# Integer programming

With integer programming, we now allow discrete values in our linear programs.

This can be useful for including:
- Set-up costs (i.e. the first item is expensive, but then each item is a subsequent linear cost).
- Facility location
- Machine scheduling

Broadly speaking, it's useful for selection and assignment.

## More specific definitions

If we formulate and solve a model with integer variables, it's Integer Programming.

This is typically a linear IP (LIP)

But if we have a nonlinear objective function or a functional constraint, it's a nonlinear (NLIP).


## An example: The knapsack problem, revisited

Say we have four items with values and weights:

* Item 1, $16 and 5kg
* Item 2, $22 and 7kg
* Item 3, $12 and 4kg
* Item 4, $8 and 3kg

The knapsack capacity is 10kg.

In [12]:
import pulp

In [9]:
prob = pulp.LpProblem("Knapsack", pulp.LpMaximize)

item1 = pulp.LpVariable("Item1", 0, 1, pulp.LpInteger)
item2 = pulp.LpVariable("Item2", 0, 1, pulp.LpInteger)
item3 = pulp.LpVariable("Item3", 0, 1, pulp.LpInteger)
item4 = pulp.LpVariable("Item4", 0, 1, pulp.LpInteger)
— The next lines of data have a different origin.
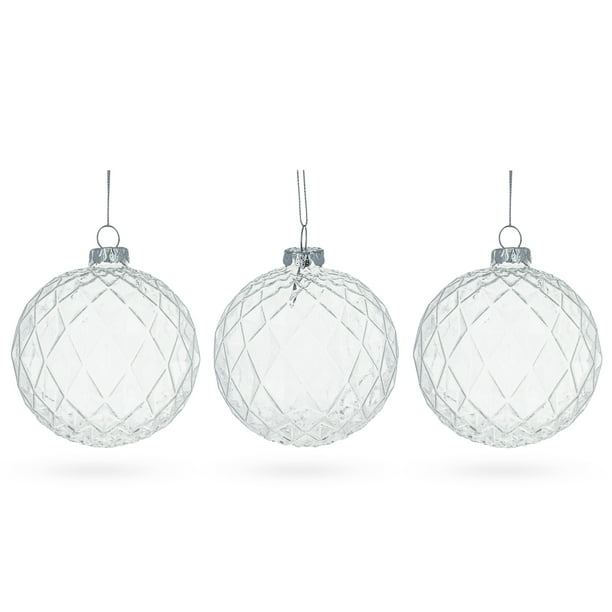 BestPysanky Set of 3 Oval Flat Discs Clear Glass Christmas Ornament 5 Inches 127 mm 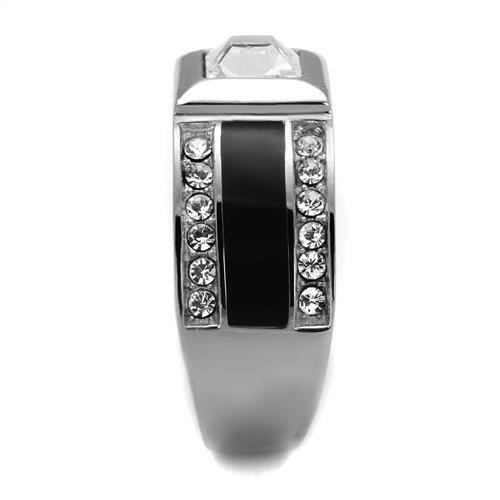 MATK2308 - High polished (no plating) Stainless Steel Ring with Top Grade Crystal  in Clear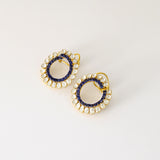 Modern fusion-style earrings featuring sparkling Polki diamonds and rich blue sapphires, crafted to add elegance, charm, and timeless beauty to every look.(KME2485)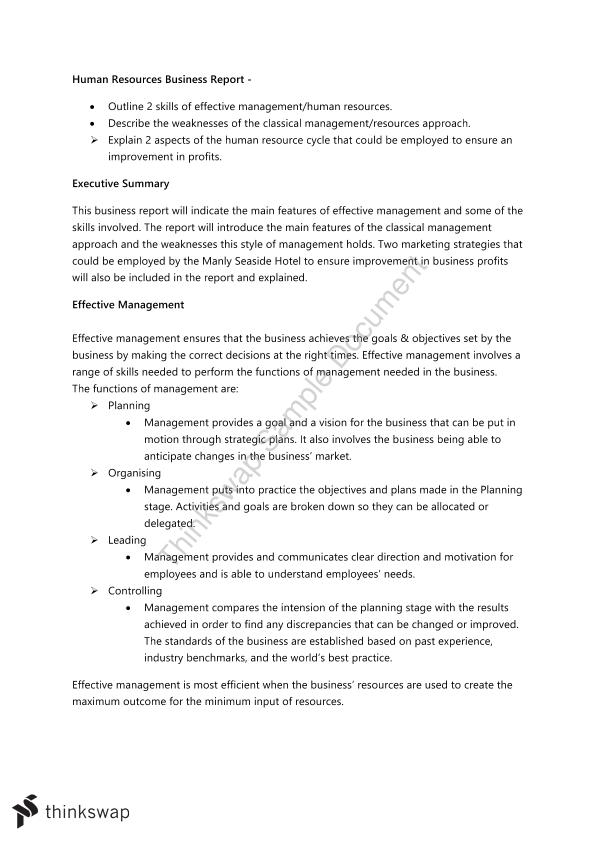 Human Resources Business Report Business Studies Year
prob += (item1*16 + item2*22 + item3*12 + item4*8, "ValueMaximisation")
prob += (item1*5 + item2*7 + item3*4 + item4*3 <= 10.0, "WeightLimit")

In [10]:
prob.solve()

Welcome to the CBC MILP Solver 
Version: 2.10.3 
Build Date: Dec 15 2019 

command line - /Users/Goyder/.local/share/virtualenvs/ops-research-fbgn6z6J/lib/python3.8/site-packages/pulp/apis/../solverdir/cbc/osx/64/cbc /var/folders/g2/6w3bm3ts67nbv8gqz10hmcbh0000gn/T/4c16615f7296460b9286dc99a33350bd-pulp.mps max timeMode elapsed branch printingOptions all solution /var/folders/g2/6w3bm3ts67nbv8gqz10hmcbh0000gn/T/4c16615f7296460b9286dc99a33350bd-pulp.sol (default strategy 1)
At line 2 NAME          MODEL
At line 3 ROWS
At line 6 COLUMNS
At line 23 RHS
At line 25 BOUNDS
At line 30 ENDATA
Problem MODEL has 1 rows, 4 columns and 4 elements
Coin0008I MODEL read with 0 errors
Option for timeMode changed from cpu to elapsed
Continuous objective value is 31.7143 - 0.00 seconds
Cgl0004I processed model has 1 rows, 4 columns (4 integer (4 of which binary)) and 4 elements
Cutoff increment increased from 1e-05 to 1.9999
Cbc0038I Initial state - 1 integers unsatisfied sum - 0.285714
Cbc0038I Pass   1

1

In [11]:
# Each of the variables is printed with it's resolved optimum value
for v in prob.variables():
    print(v.name, "=", v.varValue)

Item1 = 0.0
Item2 = 1.0
Item3 = 0.0
Item4 = 1.0


## Integer programming formulation

The use of integers allows us to define a lot of interesting constraints.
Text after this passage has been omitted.